It is prudent to be prepared, in case of a cold
spell.
A Thai historian friend told me that in the days long ago, in the nineteenth
century, Burmese and Indian traders, called Kulau, would enter the lands of the
Thais from the west and roam the country in order to sell their textiles,
utensils and trinkets to the indigenous people. Some wandered as far as Cambodia
and others ventured into the central part of the vast plains of Isarn in the
Northeast. The latter country they found desolate, dry and hot. The local people
had no money to buy their merchandise, the travelling was arduous, the sun
merciless and the rains would not come. One day, an exhausted and starved trader
sat down on the side of a dusty trail under a gnarled tree for a rest. He looked
at the scorched landscape, the glaring sky as well as his tortured feet. It was
then that he despaired and started to cry uncontrollably. Some peasants found
him in this sorry state and took pity. They quenched his thirst, fed him their
meagre fare and let him rest.

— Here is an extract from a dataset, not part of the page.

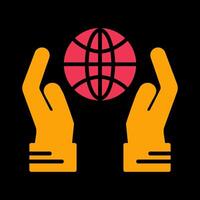 Globe Hand Vector Icon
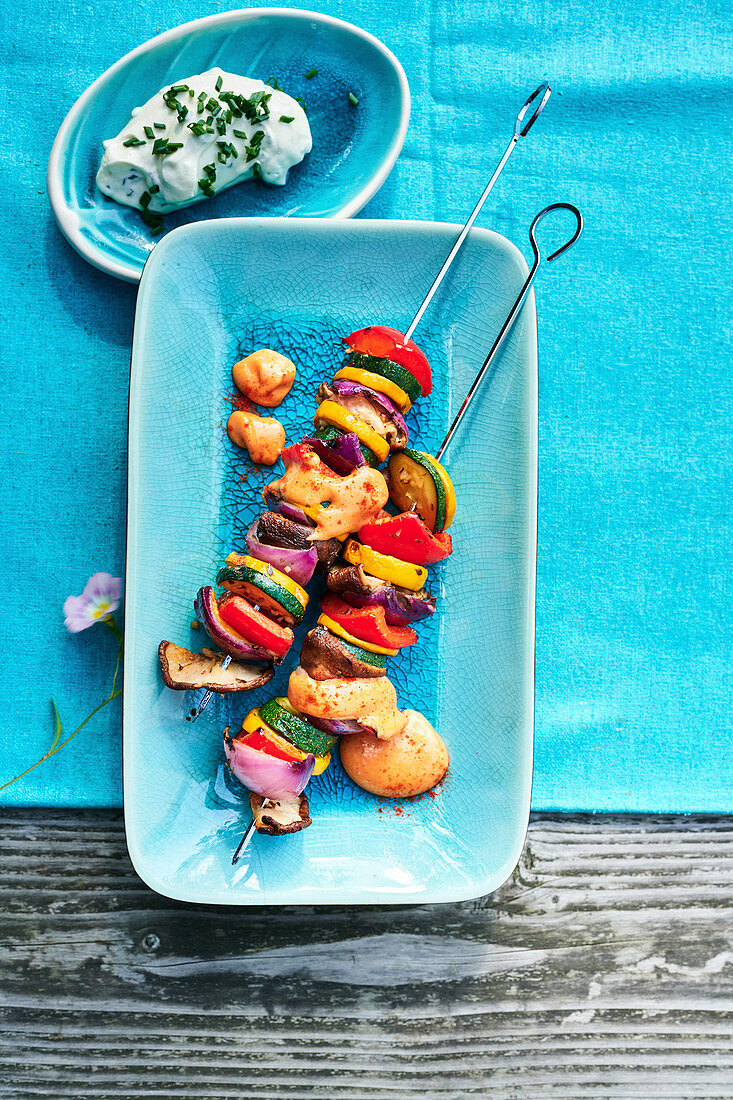 Summer vegetable and shallot skewers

Then they sent him on his way, back to the lands
of plenty at the big rivers in the East where he was more at home. Ever since,
that part of Isarn is known as the “the dry plains where the Kulau wept”, or in
Thai, “Thung Kulau Rong Hai”. This is poetically, but erroneously, translated
into English as the “Weeping Plains of Isarn”.

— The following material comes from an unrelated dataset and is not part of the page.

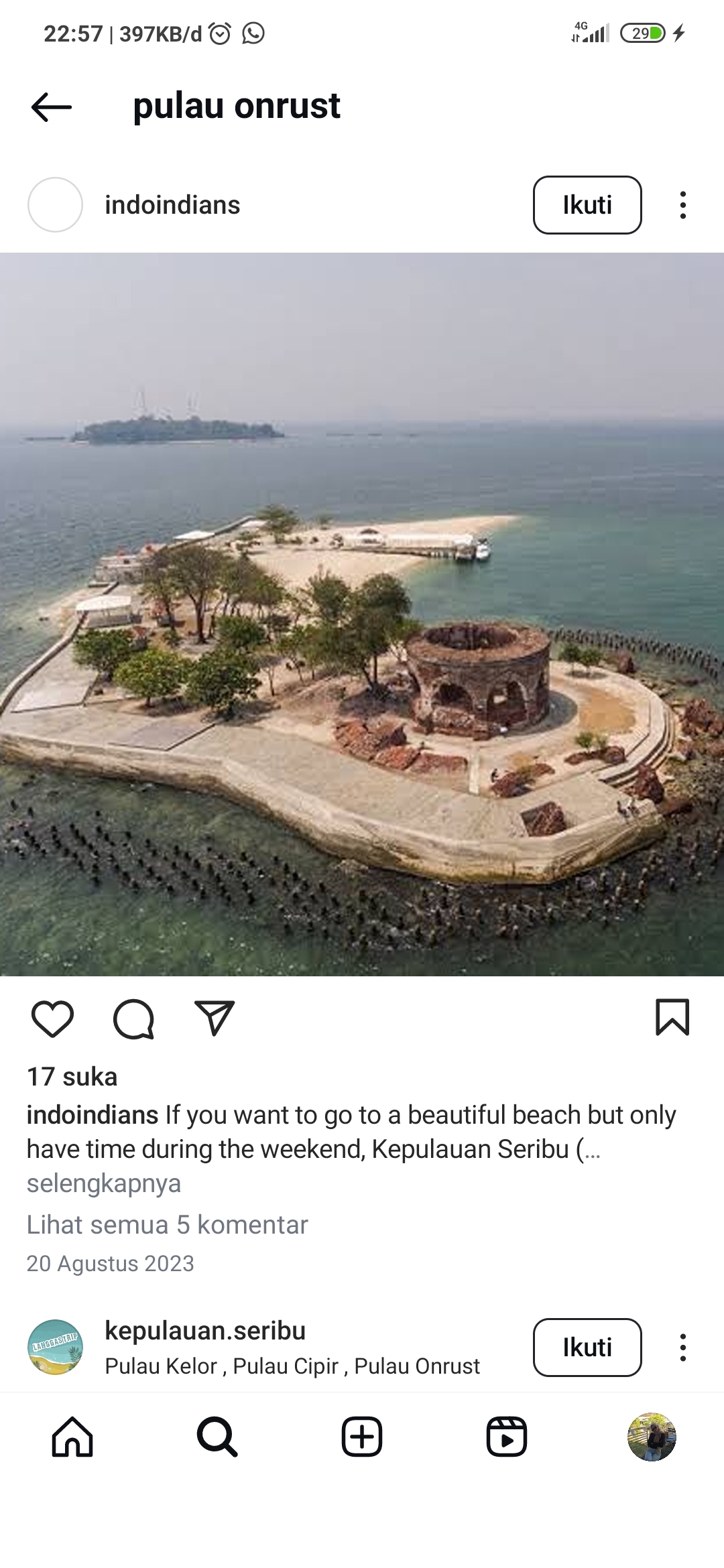 Pulau unrust kepulauan seribu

When I arrived in Thailand more than thirty years ago, I explored the country
from the north to the south and also the west, but whenever I expressed my
desire to visit the Northeast as well, my Thai friends in Bangkok tried to
discourage me. They told me that Isarn was a backwater, the people were
unreliable and stupid, only good for unskilled labour. There was simply nothing
in those barren lands to be of interest for me. At first I believed them but as
they had told me the same about the south of the country, which I had found
fascinatingly beautiful and very interesting, I started to wonder after a while
if these negative reports were fair and unbiased.

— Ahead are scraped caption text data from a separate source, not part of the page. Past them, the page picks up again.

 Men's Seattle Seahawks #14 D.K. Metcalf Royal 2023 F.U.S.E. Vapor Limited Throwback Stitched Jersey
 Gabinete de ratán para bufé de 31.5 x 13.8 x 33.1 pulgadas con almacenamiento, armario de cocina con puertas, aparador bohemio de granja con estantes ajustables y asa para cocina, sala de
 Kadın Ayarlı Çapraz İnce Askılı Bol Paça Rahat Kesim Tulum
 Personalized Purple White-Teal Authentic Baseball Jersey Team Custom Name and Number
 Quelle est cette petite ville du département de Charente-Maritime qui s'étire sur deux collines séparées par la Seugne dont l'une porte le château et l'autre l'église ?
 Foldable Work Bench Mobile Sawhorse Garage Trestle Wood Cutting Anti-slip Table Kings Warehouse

Unfortunately at that stage I went through a period of little time for travel
and it wasn’t until the mid-seventies that I was able to visit the north-eastern
provinces. Although the country is mostly flat and at times monotonous, it is
the people of Isarn which makes a visit for anybody interested in the real
traditional ways of these lands an absolute must. No phoney cultural shows
promoted by a government only interested in the culture and the religion of
money. No revivals of dull lifeless classical dances for the benefit of tourists
and the pockets of the “entrepreneurs”. Only spontaneous manifestations of joy,
by the people and for the people.
At the end of May we travelled in a cavalcade of five pick-up trucks and our own
van, up-country again to the “Weeping Plains” (see also Pattaya Mail, June 28,
1995) for a yearly reunion in the village which adopted me as a honorary citizen
many years ago. After I had told a friend of mine about the yearly extravaganza,
she flew in from Holland for the occasion and as one can see from the
illustrations, had a whale of a time.
Many of the younger villagers are working in the city of Bangkok, as well as in
Pattaya, and for the occasion, besides our own private transportation, three
large tour buses are rented to get them all to the village in the province of
Yasothorn. Once there, everybody makes merit, celebrates and donates small sums
of money to a project for the benefit of the whole community. At present this is
a large “chedi” or “stupa” to be build in the temple grounds. This project will
probably take us about ten years. When there is money available, work is done
but if not, it can wait. It is reminiscent of the mediaeval churches which often
took hundreds of years to finish for the same reasons. After the joyous
procession to the temple to present the collected fund to the abbot, which was
this time almost 200,000 Baht, we danced, ate, drank and caroused, while the
last day, when many of the youngsters had already left for their jobs in Bangkok
and Pattaya, was reserved for a fishing picnic at the reservoir outside the
village.
The
author and Loong Goon, a village elder watching the fishing in the mid day sun.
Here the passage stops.